*** MATERIAL PROVIDED ***

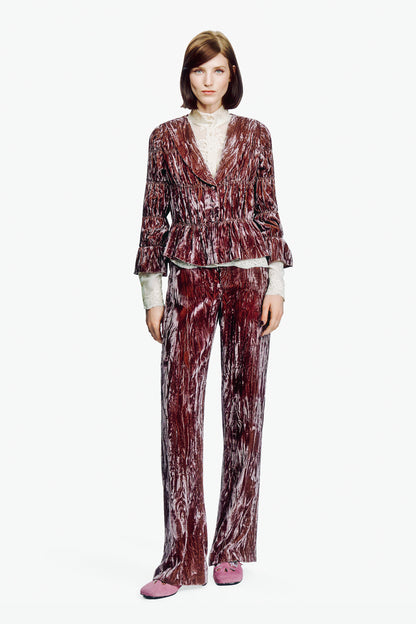 Crushed Velvet Victorian Blouse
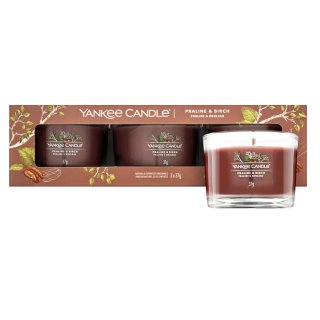 Yankee candle praline & birch 3 x 37 g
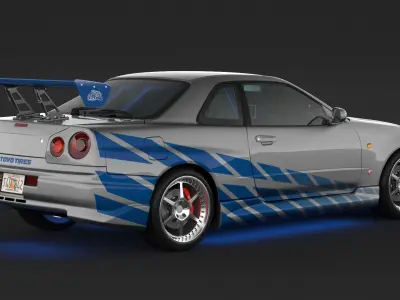 Nissan Skyline GT-R R34 C-West 3D model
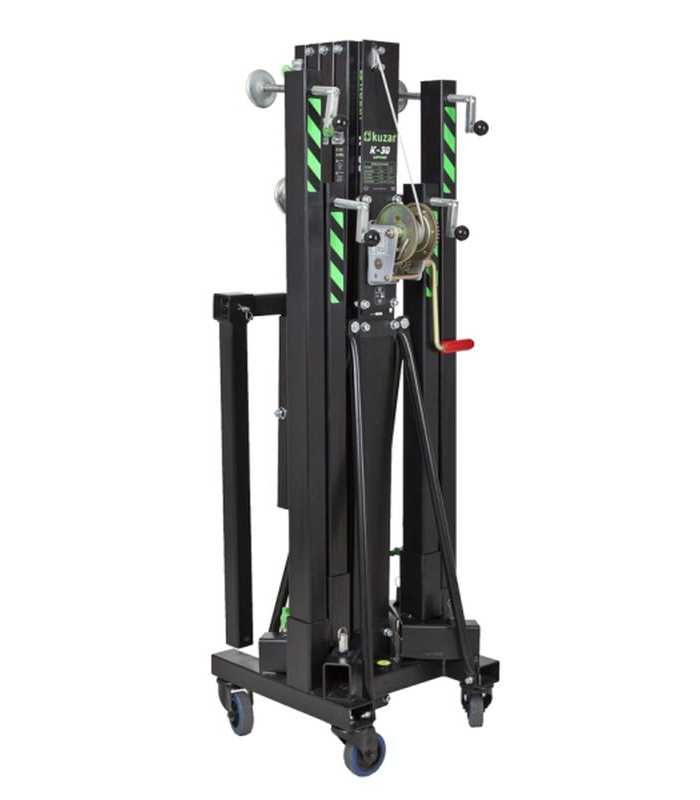 Torre de carga frontal y Line Array Kuzar K-30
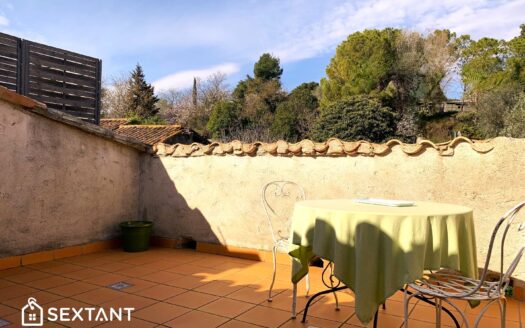 Spacious 4 bedroom stone village house with terrace, garage and jardinet.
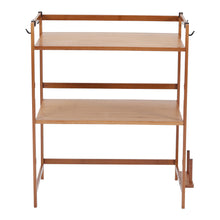 Wooden Brown Spice Rack Organizer with Hooks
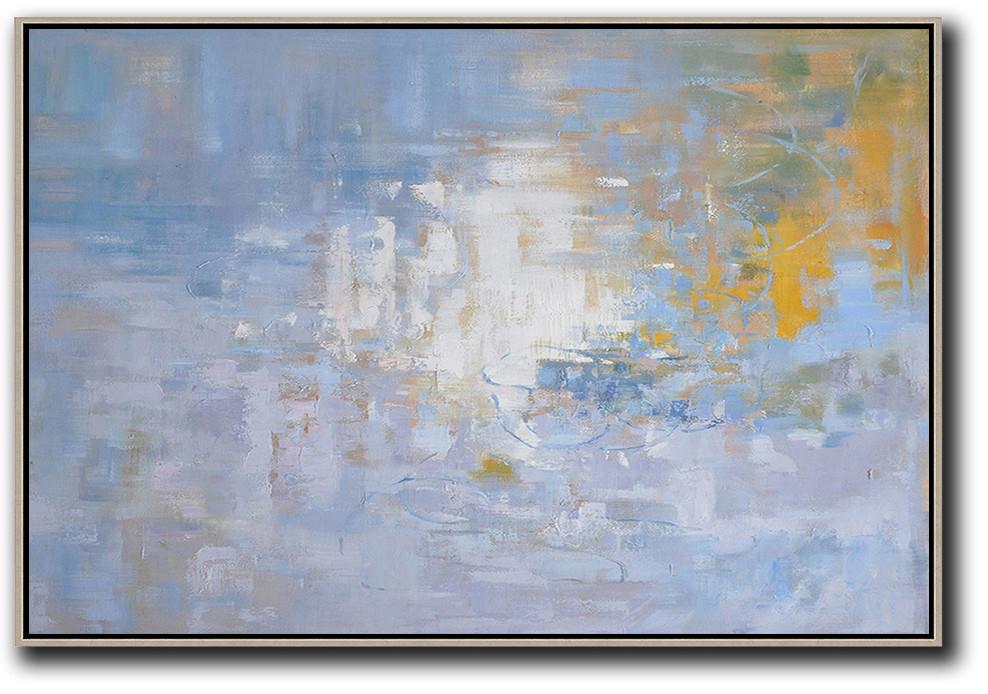 Horizontal Abstract Landscape Painting #LX30C - Click Image to Close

***

- _PROBLEM TO SOLVE_: Ending at the line with "Spacious 4 bedroom", reproduce exactly the lines that begin at the top of the data, and include no pictures.

- _ANSWER BOX_:
 Crushed Velvet Victorian Blouse
 Yankee candle praline & birch 3 x 37 g
 Nissan Skyline GT-R R34 C-West 3D model
 Torre de carga frontal y Line Array Kuzar K-30
 Spacious 4 bedroom stone village house with terrace, garage and jardinet.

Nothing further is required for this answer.